# Summarizing the Joined UI Wage Records File (UIFULLV) to One Record Per Person Per Quarter

Note to users: please read the instructions file in this folder (00_instructions) before using this Jupyter Notebook file.

## SQL Database Connection

This section loads needed packages and connects the IPython Jupyter Notebook to the SQL database. If you are running this code in your own environment, remember to modify the SQL connection string to route the notebook to your own SQL server and database (see the 00_instructions file in this folder for more information). Our code uses the SQLALchemy Python package to interface between python and SQL languages, and uses Jupyter SQL ‘magic’ functions to make the code more concise.

In [10]:
# load sqlalchemy package to interface between Python and SQL databases 
import sqlalchemy

# Replace the SQL connection string below (in quotation marks) with your own SQL connection information 
connection_string = "mssql+pyodbc://@TDI"

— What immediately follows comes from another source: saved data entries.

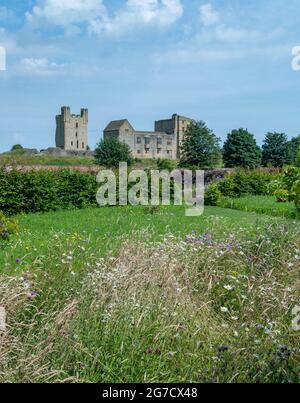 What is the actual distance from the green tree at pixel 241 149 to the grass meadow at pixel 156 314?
137ft

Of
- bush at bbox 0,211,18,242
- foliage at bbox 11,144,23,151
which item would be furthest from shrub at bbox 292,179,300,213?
foliage at bbox 11,144,23,151

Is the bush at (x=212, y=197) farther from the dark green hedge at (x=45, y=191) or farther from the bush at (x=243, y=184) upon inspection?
the dark green hedge at (x=45, y=191)

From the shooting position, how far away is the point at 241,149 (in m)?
47.5

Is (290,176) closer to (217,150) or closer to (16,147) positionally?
(217,150)

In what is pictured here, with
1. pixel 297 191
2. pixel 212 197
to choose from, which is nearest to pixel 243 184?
pixel 212 197

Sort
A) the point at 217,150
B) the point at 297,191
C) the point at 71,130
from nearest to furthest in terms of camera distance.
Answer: the point at 297,191 < the point at 217,150 < the point at 71,130

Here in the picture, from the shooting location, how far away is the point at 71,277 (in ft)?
16.4

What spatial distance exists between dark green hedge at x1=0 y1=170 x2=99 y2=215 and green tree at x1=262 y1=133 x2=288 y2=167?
1528 inches

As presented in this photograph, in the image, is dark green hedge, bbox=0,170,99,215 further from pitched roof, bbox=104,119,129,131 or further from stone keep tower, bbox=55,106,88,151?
stone keep tower, bbox=55,106,88,151

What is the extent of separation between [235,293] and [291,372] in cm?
146

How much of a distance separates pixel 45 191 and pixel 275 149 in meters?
41.6

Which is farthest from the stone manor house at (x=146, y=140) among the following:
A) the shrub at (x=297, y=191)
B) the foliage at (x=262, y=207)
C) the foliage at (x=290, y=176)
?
the shrub at (x=297, y=191) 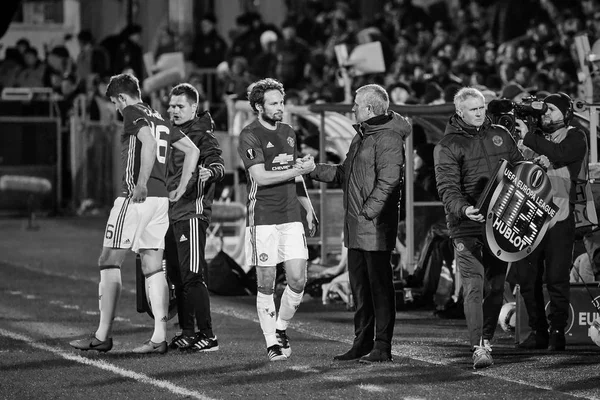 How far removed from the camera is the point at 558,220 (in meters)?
10.8

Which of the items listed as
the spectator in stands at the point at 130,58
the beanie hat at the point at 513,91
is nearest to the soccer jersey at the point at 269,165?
the beanie hat at the point at 513,91

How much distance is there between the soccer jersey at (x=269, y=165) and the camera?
1027 cm

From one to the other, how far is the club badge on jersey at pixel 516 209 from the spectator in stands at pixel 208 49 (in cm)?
1858

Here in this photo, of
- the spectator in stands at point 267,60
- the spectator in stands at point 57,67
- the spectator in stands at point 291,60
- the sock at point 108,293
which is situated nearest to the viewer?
the sock at point 108,293

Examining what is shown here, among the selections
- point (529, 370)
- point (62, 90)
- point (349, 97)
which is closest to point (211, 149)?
point (529, 370)

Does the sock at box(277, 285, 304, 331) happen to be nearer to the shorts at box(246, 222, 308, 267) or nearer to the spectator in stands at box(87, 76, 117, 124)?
the shorts at box(246, 222, 308, 267)

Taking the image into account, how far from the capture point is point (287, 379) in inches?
376

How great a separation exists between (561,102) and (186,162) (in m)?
2.82

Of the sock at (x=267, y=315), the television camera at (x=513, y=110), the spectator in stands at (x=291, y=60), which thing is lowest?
the sock at (x=267, y=315)

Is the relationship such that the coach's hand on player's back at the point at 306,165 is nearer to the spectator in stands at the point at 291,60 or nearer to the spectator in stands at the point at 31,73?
the spectator in stands at the point at 291,60

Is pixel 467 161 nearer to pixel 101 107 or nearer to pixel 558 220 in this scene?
pixel 558 220

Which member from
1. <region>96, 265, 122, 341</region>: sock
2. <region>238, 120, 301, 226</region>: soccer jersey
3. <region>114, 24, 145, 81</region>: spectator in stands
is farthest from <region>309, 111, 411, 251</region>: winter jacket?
<region>114, 24, 145, 81</region>: spectator in stands

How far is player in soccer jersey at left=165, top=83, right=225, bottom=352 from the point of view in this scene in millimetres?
10914

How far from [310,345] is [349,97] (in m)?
7.34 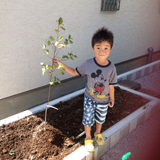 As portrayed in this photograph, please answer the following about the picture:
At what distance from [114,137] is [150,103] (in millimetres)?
1328

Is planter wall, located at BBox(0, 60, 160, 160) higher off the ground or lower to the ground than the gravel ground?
higher

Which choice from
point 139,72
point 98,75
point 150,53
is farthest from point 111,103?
point 150,53

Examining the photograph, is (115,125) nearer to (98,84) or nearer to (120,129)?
(120,129)

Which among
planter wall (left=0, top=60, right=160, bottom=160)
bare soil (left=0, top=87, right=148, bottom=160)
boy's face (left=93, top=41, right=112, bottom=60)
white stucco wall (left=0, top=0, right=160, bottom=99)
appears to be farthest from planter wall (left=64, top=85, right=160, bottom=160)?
white stucco wall (left=0, top=0, right=160, bottom=99)

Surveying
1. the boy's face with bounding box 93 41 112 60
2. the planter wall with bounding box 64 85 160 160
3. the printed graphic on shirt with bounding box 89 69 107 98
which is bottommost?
the planter wall with bounding box 64 85 160 160

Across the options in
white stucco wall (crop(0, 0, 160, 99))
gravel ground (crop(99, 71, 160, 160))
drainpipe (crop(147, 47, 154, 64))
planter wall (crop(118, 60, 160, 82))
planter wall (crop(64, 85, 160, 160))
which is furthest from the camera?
drainpipe (crop(147, 47, 154, 64))

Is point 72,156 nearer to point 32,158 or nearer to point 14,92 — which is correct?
point 32,158

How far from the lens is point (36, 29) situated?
326 cm

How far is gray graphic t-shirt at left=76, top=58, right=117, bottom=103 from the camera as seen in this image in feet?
6.95

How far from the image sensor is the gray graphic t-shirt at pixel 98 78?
6.95 feet

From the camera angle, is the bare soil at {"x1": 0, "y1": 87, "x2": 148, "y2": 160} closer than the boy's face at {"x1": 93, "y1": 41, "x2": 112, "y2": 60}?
No

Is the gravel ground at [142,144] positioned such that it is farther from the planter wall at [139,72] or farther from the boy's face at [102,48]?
the planter wall at [139,72]

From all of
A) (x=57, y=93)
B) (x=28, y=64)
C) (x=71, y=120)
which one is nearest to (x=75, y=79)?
(x=57, y=93)

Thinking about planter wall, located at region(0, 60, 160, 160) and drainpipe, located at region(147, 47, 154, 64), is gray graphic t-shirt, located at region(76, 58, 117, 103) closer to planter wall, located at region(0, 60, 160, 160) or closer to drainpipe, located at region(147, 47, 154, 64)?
planter wall, located at region(0, 60, 160, 160) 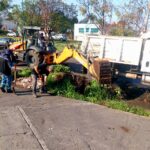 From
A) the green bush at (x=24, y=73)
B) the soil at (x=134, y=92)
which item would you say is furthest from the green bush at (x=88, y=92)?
the green bush at (x=24, y=73)

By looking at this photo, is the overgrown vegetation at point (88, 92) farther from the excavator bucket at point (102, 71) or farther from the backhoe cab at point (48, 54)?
the backhoe cab at point (48, 54)

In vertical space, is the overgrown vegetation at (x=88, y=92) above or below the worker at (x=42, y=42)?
below

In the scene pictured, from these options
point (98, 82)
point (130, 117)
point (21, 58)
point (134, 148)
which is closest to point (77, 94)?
point (98, 82)

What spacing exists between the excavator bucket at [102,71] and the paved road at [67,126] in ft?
5.87

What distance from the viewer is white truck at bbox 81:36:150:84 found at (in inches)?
536

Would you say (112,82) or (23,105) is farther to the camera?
(112,82)

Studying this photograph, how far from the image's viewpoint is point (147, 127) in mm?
9133

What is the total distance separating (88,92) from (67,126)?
4.00 metres

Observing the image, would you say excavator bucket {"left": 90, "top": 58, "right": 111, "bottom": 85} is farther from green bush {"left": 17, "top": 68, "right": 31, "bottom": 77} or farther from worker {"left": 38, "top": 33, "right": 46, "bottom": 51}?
worker {"left": 38, "top": 33, "right": 46, "bottom": 51}

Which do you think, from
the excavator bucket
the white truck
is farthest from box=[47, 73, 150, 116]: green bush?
the white truck

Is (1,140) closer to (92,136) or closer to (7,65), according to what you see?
(92,136)

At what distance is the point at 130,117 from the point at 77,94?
2.94m

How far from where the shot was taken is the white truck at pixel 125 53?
536 inches

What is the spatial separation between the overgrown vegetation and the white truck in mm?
1501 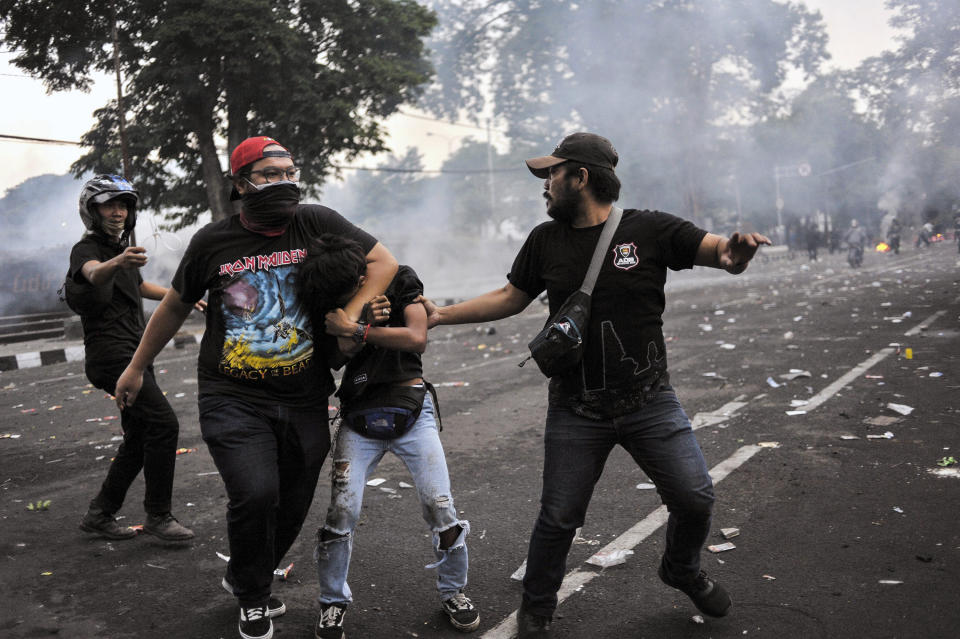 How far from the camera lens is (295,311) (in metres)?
2.90

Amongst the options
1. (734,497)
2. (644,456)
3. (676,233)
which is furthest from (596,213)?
(734,497)

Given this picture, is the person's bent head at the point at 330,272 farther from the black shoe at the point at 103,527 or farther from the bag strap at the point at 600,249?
the black shoe at the point at 103,527

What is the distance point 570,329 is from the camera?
2.73 metres

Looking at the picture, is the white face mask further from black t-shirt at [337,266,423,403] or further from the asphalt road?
black t-shirt at [337,266,423,403]

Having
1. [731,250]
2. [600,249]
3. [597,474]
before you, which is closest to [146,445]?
[597,474]

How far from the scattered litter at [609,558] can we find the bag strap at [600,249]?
1.39 meters

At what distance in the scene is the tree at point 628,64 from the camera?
116ft

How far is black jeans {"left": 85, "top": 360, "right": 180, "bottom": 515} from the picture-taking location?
13.0 ft

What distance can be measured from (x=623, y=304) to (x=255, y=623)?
5.53ft

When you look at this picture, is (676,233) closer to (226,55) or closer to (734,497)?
(734,497)

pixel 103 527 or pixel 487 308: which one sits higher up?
pixel 487 308

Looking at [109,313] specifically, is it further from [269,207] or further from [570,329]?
[570,329]

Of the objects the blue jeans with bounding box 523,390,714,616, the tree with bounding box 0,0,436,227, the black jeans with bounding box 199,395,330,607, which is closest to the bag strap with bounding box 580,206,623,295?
the blue jeans with bounding box 523,390,714,616

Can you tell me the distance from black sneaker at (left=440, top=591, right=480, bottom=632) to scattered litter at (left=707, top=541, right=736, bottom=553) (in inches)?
47.7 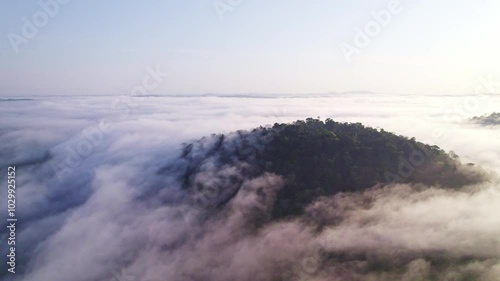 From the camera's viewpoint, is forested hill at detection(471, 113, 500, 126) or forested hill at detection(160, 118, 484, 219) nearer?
forested hill at detection(160, 118, 484, 219)

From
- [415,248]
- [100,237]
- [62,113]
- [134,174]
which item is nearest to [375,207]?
[415,248]

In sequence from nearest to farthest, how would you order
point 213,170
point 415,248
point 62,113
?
point 415,248 < point 213,170 < point 62,113

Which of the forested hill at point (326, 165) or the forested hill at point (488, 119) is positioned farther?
the forested hill at point (488, 119)

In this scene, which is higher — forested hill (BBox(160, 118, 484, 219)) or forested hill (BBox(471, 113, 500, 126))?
forested hill (BBox(471, 113, 500, 126))

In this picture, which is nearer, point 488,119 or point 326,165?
point 326,165

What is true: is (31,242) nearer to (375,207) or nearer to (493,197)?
(375,207)

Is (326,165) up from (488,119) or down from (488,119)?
down

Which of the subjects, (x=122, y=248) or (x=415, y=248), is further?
(x=122, y=248)

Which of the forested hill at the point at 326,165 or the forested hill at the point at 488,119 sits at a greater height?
the forested hill at the point at 488,119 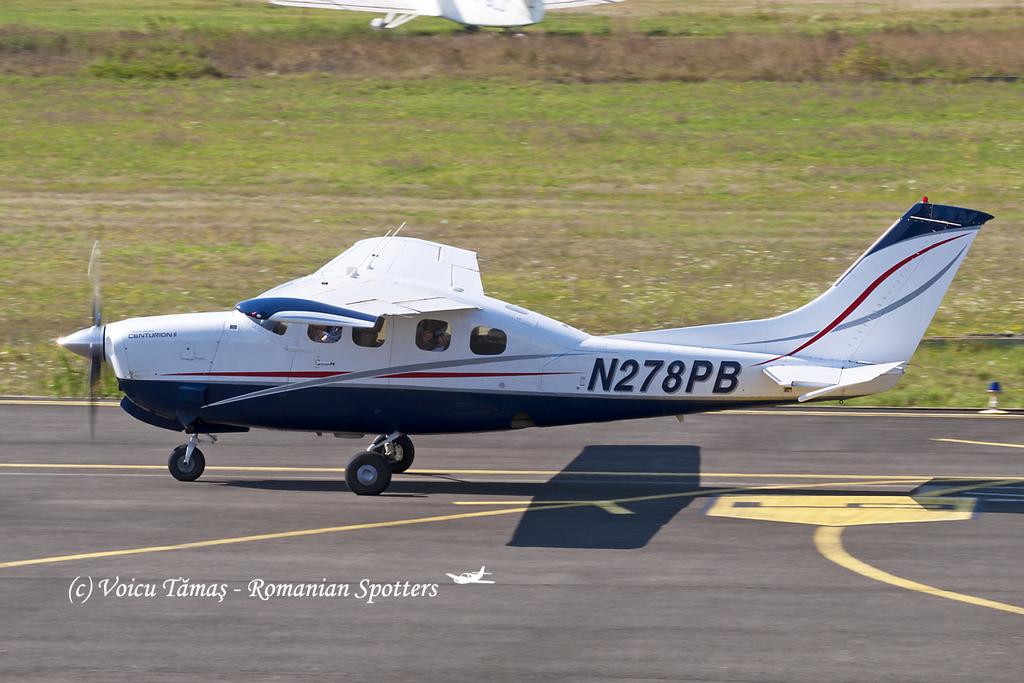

# Create the engine connecting to the database server
sqlalchemy.create_engine(connection_string)

# Load the ipython-sql library to use Jupyter ‘magic’ functions, which make your code more concise 
%load_ext sql

# Connect to the database server
%sql $connection_string

The sql extension is already loaded. To reload it, use:
  %reload_ext sql



## Purpose 
In the previous notebook (02_link_TANF_UI), we joined our TANF sample definition file to our UI wage data and created a person-quarter-level view of the data, called UIFULLV. The purpose of this notebook is to create a new view with only one record per person per quarter from UIFULLV. For each person, we will create a measure of total earnings in each quarter by summing records if the person has multiple employers in a quarter, and create a count of the number of employers the person has in each quarter. We will also look at quarterly earnings relative to the person’s participation in the program.on.

1. First, we create a “relative quarter” column that represents the number of quarters that have passed after a specific reference date (in this case, after someone started a program)  In the code below, the relative quarter represents the number of quarters that have elapsed since participants started the program.

2. Then, we sum the number of employers and earnings per quarter for each person on the data file. For example, if someone worked for 2 different employers in the same quarter, we sum the wage amounts and count the employer IDs so that for each quarter, we know a person’s total earnings and how many jobs they held.

3. For people with no earnings in a quarter, we assume that they were not employed in a UI-covered job for that quarter. People who have a positive earnings amount were employed at some point during the quarter. We use that information to create a 0/1 employment indicator column, where 0 indicates no employment and 1 indicates that the person was employed during the quarter.



#### Before creating the view, take a look at a few examples of individuals who worked for 2 employers in a quarter in 2017.
1. The first client worked 2 jobs in quarter 1 of 2017.
2. The second client worked 2 jobs in quarter 3 of 2017.

In [11]:
%%sql

SELECT TOP 10 * FROM UIFULLV
WHERE YEAR(EarnQTR) =2017 and SSN IN  -- use the 2017 wage records as an example

(SELECT SSN -- this subquery identifies SSNs for clients with 2 employers in the same quarter 
FROM dbo.UIFULLV
WHERE YEAR(EarnQTR) = 2017
GROUP BY SSN, EarnQTR
HAVING COUNT(*) >=2) -- select the SSNs for clients with 2 or more records in any quarter

ORDER BY SSN, EarnQTR
;

 * mssql+pyodbc://@TDI
Done.


SSN,ProgStart,ProgEnd,YR_QTR,EarnQTR,WAGES,empid
107200448,2017-01-06,2017-07-05,2017Q1,2017-01-01,11349,481072004.0
107200448,2017-01-06,2017-07-05,2017Q1,2017-01-01,13894,448107200.0
107200448,2017-01-06,2017-07-05,2017Q2,2017-04-01,0,
107200448,2017-01-06,2017-07-05,2017Q3,2017-07-01,8574,448107200.0
107200448,2017-01-06,2017-07-05,2017Q4,2017-10-01,0,
109000560,2017-06-07,2017-12-04,2017Q1,2017-01-01,0,
109000560,2017-06-07,2017-12-04,2017Q2,2017-04-01,1121,560109000.0
109000560,2017-06-07,2017-12-04,2017Q3,2017-07-01,11331,560109000.0
109000560,2017-06-07,2017-12-04,2017Q3,2017-07-01,5070,601090005.0
109000560,2017-06-07,2017-12-04,2017Q4,2017-10-01,0,


In [12]:
%%sql
-- this code ALLOWS THIS PROGRAM to be rerun if there is a problem with the view and it needs to be removed and recreated
DROP VIEW IF EXISTS dbo.UIQuarterlyMeasuresV;


 * mssql+pyodbc://@TDI
Done.


[]

#### For each quarter in our follow-up, this code creates a single record for an individual, summarizing the information across all their records for that quarter.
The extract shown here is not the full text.